PN said:
First, I am not sure what to expect as I've never used these forums
before. I
thought perhaps it was a common problem and it didn't occur to me add the
error message. I do apologise for not being up to your high standards
however
a simple "perhaps you could provide more detail on your error" would have
been more polite. I guess you're an American
Do you expect the car mechanic to know what to look at when you walk in and
tell them "it's broke"? I don't care what language you speak or in which
country you reside, such an undetailed description of the problem means no
one knows what is the problem or where to look.
Second, I was unaware I was hiding "MY UNIDENTIFIED" (I CAN HEAR YOU) ISP
who in this case does not control this particular email as it is part of a
domain and there is unlimited quota.
Wow, which e-mail provider is that who provides an unlimited quota regarding
message size? Gee, I could send my whole 300GB hard drive's contents in
just one e-mail message. Yeah, I'm being sarcastic but the claim that there
is no quota means you really don't know. No such thing as unlimited. Your
e-mail provider will enforce a maximum size to your message - unless you are
the one operating your own personal mail server. However, ISPs will still
restrict your monthly bandwidth regarding e-mail (i.e., you can buy a
business account with a higher monthly bandwidth which is usually tiered
according to bandwith level and pricing).
You never mentioned what happened should you have tried resending the
message without an attachment and again with a much smaller file. The
e-mail providers that I use limit a message to 10MB in total size
(attachments are *in* the body of your message and will increase the size of
your message by over a third more due to encoding from binary into text
format). With a 1MB attachment, which would probably be 1.4MB in size after
encoding to text to insert into the body of my message, a background sound
file (which is an inline attachment), and a huge document occupying the
body, it is still possible that I could exceed my e-mail provider's quota
regarding the maximum size for a message. I don't know what is your max
quota for message size. That is something you'll need to ask your e-mail
provider. If you are running your own mail server (within the terms of
service for your account, since personal accounts are rarely allowed to
operate servers), it is possibly you hit your monthly bandwidth quota which
is enforced on both personal and business accounts.
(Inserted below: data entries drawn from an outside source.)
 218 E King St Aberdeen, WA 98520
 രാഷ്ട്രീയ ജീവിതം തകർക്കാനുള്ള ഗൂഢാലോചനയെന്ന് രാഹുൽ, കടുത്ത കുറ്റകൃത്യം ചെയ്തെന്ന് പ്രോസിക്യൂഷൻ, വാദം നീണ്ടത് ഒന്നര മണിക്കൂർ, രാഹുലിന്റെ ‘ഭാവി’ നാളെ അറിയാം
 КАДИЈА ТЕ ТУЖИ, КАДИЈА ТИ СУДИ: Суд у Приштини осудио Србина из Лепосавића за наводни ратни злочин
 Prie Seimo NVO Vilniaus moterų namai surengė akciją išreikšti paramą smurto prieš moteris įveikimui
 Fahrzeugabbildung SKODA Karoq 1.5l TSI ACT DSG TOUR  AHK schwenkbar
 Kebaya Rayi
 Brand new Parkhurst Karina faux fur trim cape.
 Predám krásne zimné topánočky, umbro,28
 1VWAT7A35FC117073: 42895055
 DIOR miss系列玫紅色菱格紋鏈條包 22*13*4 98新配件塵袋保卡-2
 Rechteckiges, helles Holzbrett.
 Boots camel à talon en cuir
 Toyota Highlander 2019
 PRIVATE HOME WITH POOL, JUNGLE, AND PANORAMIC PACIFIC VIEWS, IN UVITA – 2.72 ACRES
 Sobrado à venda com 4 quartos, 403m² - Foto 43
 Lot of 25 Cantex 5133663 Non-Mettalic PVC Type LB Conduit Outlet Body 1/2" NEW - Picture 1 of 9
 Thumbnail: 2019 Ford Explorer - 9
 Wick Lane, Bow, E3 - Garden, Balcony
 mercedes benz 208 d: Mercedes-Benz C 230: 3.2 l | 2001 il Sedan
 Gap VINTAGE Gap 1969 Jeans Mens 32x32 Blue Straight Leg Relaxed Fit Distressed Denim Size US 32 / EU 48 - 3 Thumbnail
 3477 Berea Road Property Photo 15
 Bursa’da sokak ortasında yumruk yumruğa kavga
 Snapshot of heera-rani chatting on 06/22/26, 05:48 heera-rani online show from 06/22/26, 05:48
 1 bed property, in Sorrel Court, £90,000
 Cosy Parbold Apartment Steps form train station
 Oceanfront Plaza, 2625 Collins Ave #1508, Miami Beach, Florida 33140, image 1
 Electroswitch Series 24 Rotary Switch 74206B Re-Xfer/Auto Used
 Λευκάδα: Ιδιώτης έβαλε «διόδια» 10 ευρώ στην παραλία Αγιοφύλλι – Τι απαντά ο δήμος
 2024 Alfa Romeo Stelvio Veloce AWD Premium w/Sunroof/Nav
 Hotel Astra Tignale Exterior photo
From your other posts, it doesn't sound like you are operating your own SMTP
server. That means there are definitely quotas regarding maximum number of
recipients, maximum number of mail sessions per minute, maximum size of
message, maximum daily or monthly SMTP bandwidth, and possibly other
anti-spamming quotas. Call your ISP to see how many of them they will
divulge. Often they will not discuss some of them for fear that spammers
will use the knowledge to circumvent their anti-spam measures, but max
message size should be one that they freely divulge.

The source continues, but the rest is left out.